I feel like this could be universal.

If you want to hire an experienced, production and value adding _______ be prepared to pay.

It's like the phrase "You don't pay a plumber to bang on your pipes, you pay them to know where to bang." (yes, that's from Suits)

Anytime you choose cost over experience you end up paying more than you would in the first place by the end.

Obviously there's exceptions to that, but if you're going to be cheap on a component or person that you need you will definitely regret it later.


The plumber quote is likely ultimately based on this incident between Charles Steinmetz and Henry Ford:

http://www.smithsonianmag.com/history/charles-proteus-steinm...

One of my go-to stories when telling freelancers not to charge hourly :)


Thanks for the link. I thoroughly enjoyed that. I never thought about the character behind the name. heartwarming


You got the plumber quote before I could :)


I have met many people who call themselves a data scientists. it is very easy to call yourself a data scientist, and justify the label.

if the vocabulary of your community doesn't support your needs, then you need to modify your vocabulary. Swear words like 'data scientist', invite the idea of casting a wide net with a large set of poorly defined skills to arbitrarily select from.

I appreciate the communities' use of the term 'data engineer' to quarantine out some of these skills. For those writing a job description, or vetting candidates, these words really matter. when you muddy the soup, by expanding definitions, time gets wasted.


Is there a commonly accepted standard for qualifications of a data scientist, are they expected to be software engineers with PhDs in something statistical/data-oriented? I've heard mixed things and am interested in getting clarity on this - sometimes they have CS backgrounds, sometimes they have non-CS backgrounds, some are competent programmers, others can't write a line of code, etc.


Nope is the short answer. But in general you're expected to have a grasp of the fundamentals of statistics, some software engineering, Python and/or R, knowledge of the various algorithmic approaches, and a host of traits which really make a data scientist: curiosity, persistence, determination, flexibility, adaptability, detail oriented, conscientious, really like a challenge, resourceful, good interpersonal skills, ability to convey the complex in simple terms... In many ways I think it's almost more about the traits than the training.

But yeah, where I've worked that's generally what we look for in candidates.

What is astonishing to me is how there seems to be 1) a dearth of candidates, period, and 2) candidates we can dig up miss scheduled calls, show up late for interviews, interview very poorly, turn in poor quality take home exercises (an exercise which essentially just covers the basics), have really crappy resumes (typos, horrible layout, inconsistencies with LinkedIn profile, etc...)--and these are folks with experience as statisticians or data scientists. Amazing.

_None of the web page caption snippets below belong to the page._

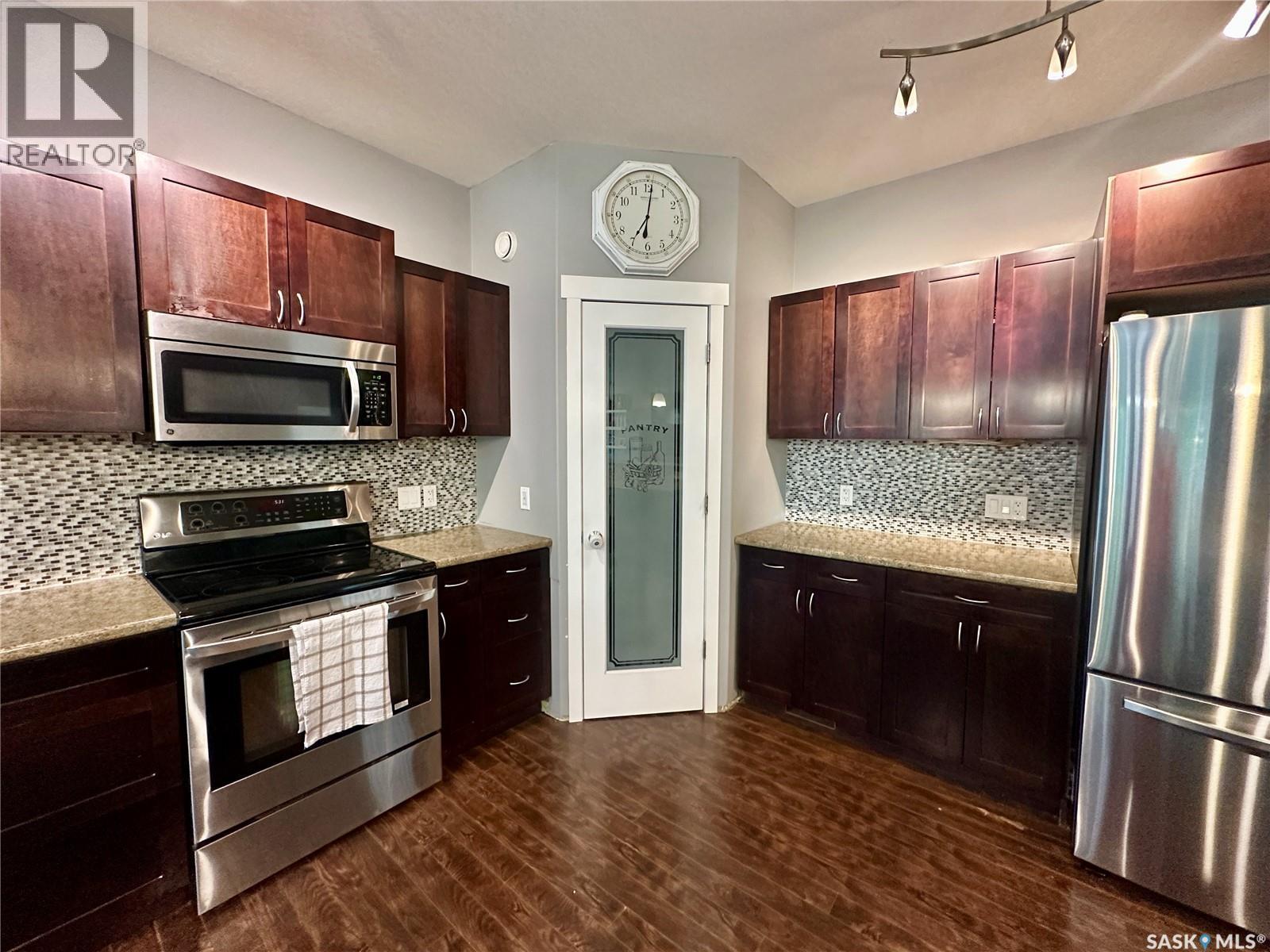 205 Roberts Avenue, Canora, SK - Indoor Photo Showing Kitchen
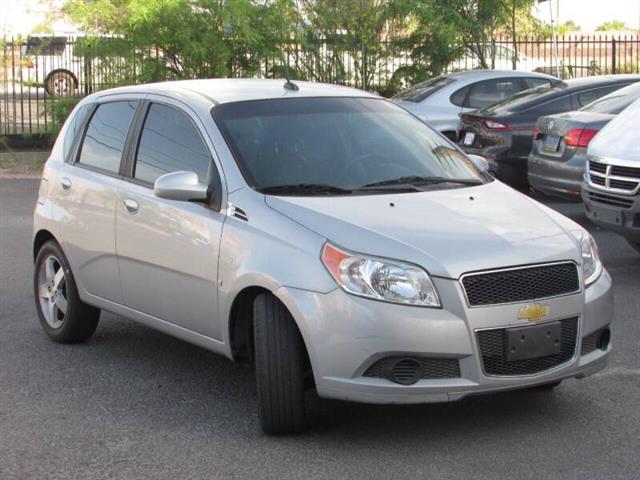 $4995 : 2009 Aveo Aveo5 LT image 10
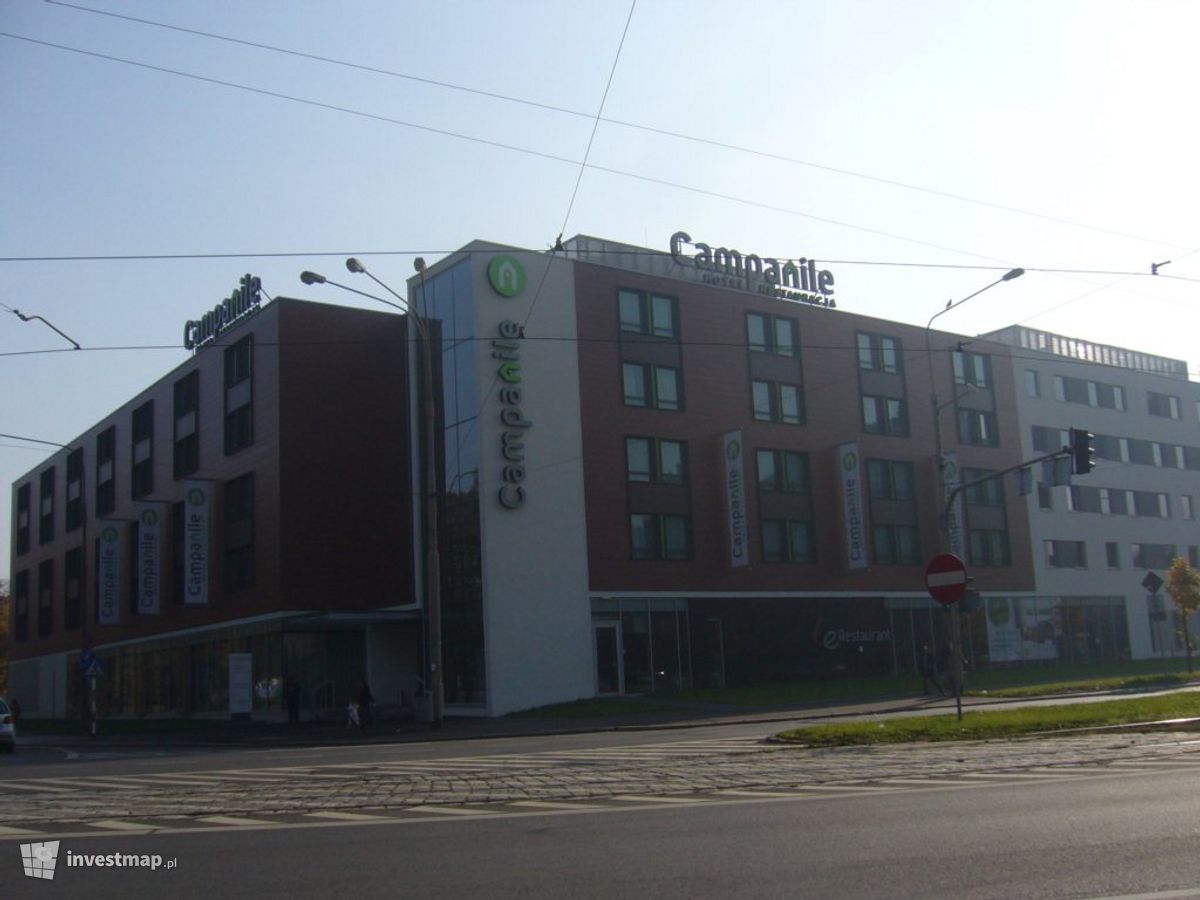 Zdjęcie [Wrocław] Hotel "Campanile", ul. Borowska fot. Orzech 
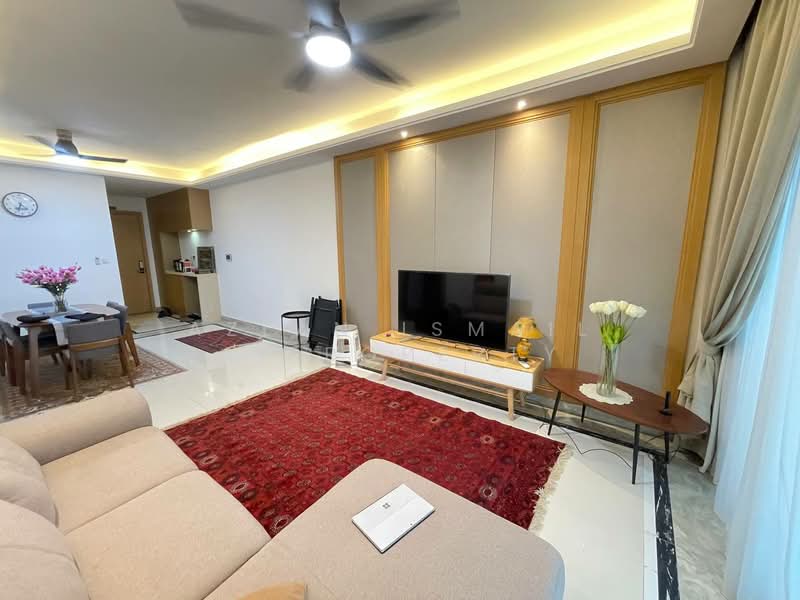 Servis Apartment untuk Dijual di R&F Princess Cove Phase 1 - Azlan Ismail aiproperty - Living Room - PropertyGuru.com.my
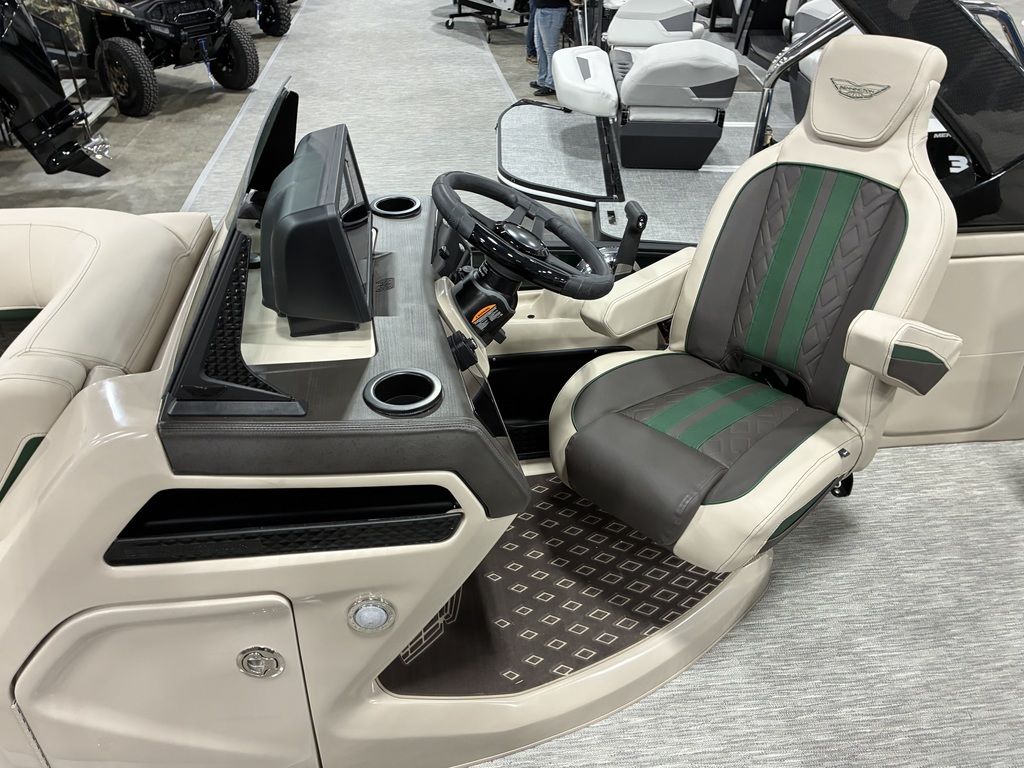 2026 Bennington 24MCSB Carbon Fiber Arch Tritoon Pontoon - Image 35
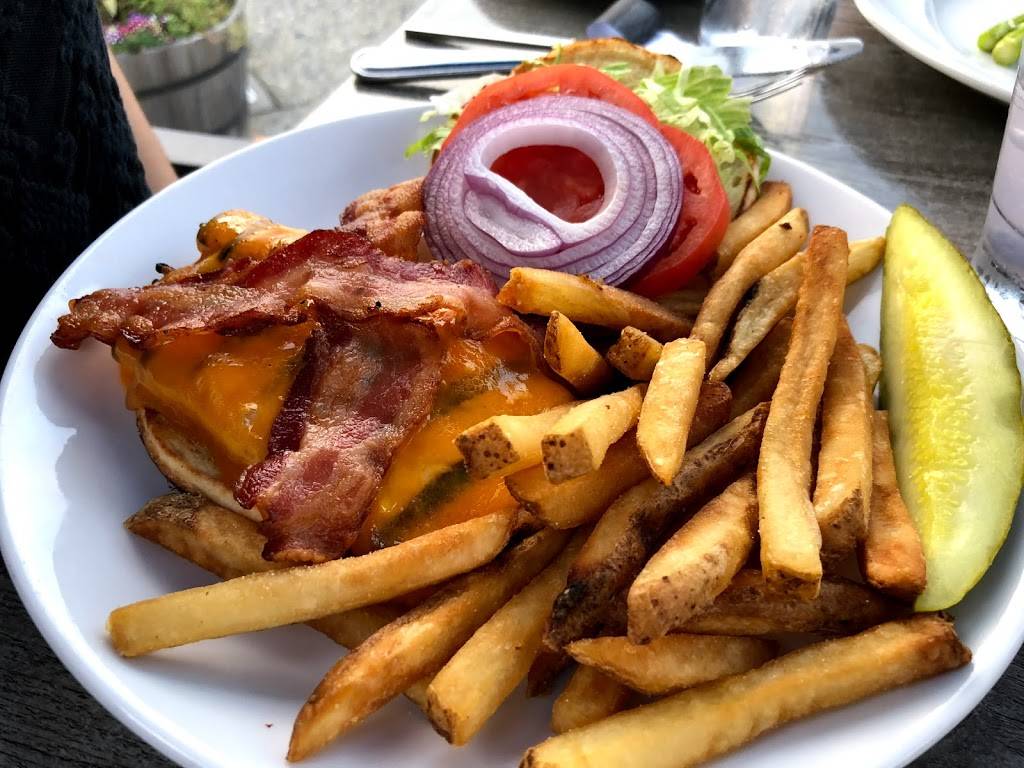 Tavern on the Wharf | restaurant | 6 Town Wharf, Plymouth, MA 02360, USA | 5089274961 OR +1 508-927-4961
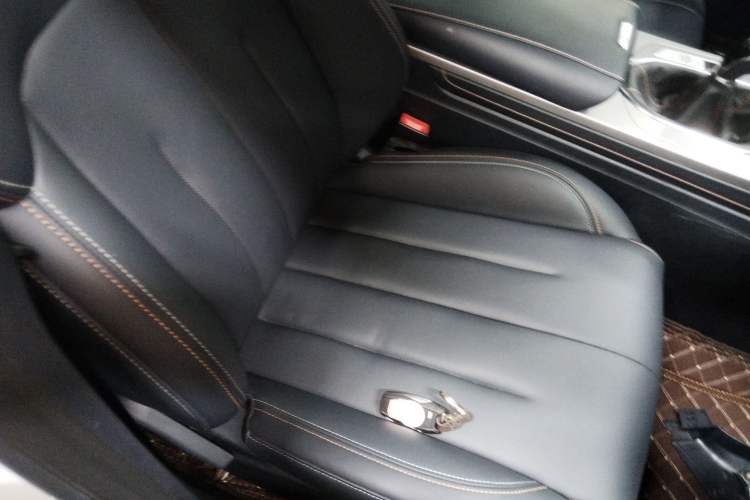 Used CHANGAN OSHAN X7 2020 1.5T Manual Luxury Version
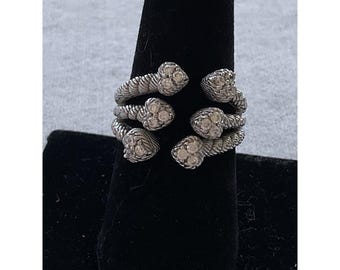 Anillo de triple corazón dividido en plata de ley 925 firmado por Judith Ripka, talla 8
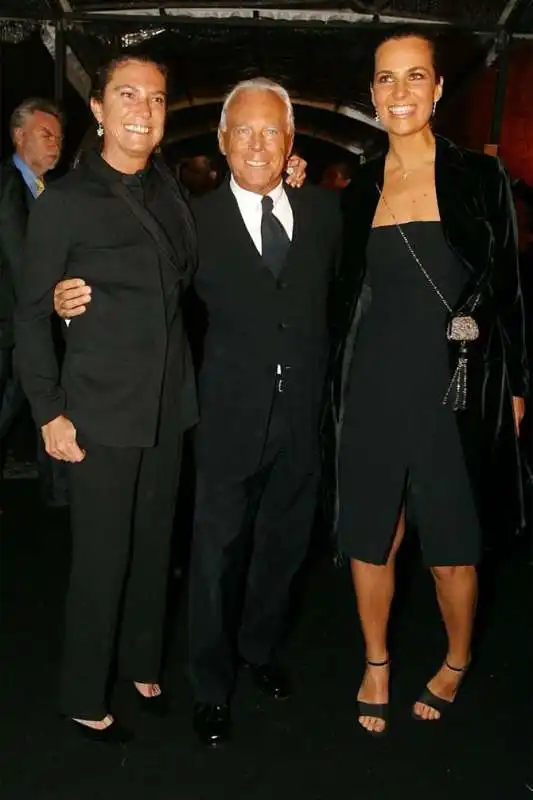 giorgio armani con le nipoti silvana e roberta 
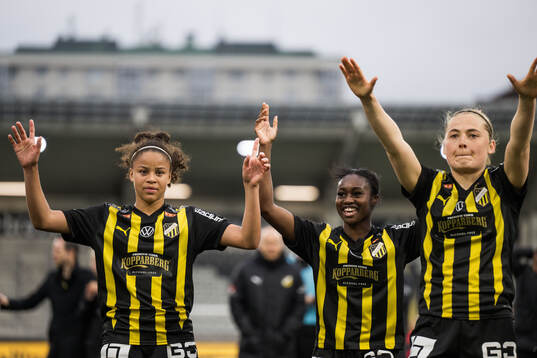 Häckens Felicia Schröder, Monica Jusu Bah och Paulina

We don't ask anything deep or complex either, yet we've had a really hard time finding people.


The chief data scientist at my last job said a Data Scientist knows more programming than your average statistician and more statistics than your average programmer. There's this venn diagram he used to show with the intersection of skills for the different disciplines involved - some math, some engineering, some communications.

I think there's also an intersection with devops skills, maybe less important, but your hardcore statisticians usually put zero thought into operational considerations. Really the last bastion of "works on my machine" thinkers in the computing world. I just finished the Coursera "Reproducible Research" course and I was really struck how many of those principles parallel good software engineering practices - use source control, document through code, separate your environment from your code, automate as much as you possibly can, etc. I've been a software engineer for 20+ years but I want to get into data science partly because I've always been a data head, just without the theoretical background to do really interesting work, but also because I think I can bring some of the software engineering skills to bear.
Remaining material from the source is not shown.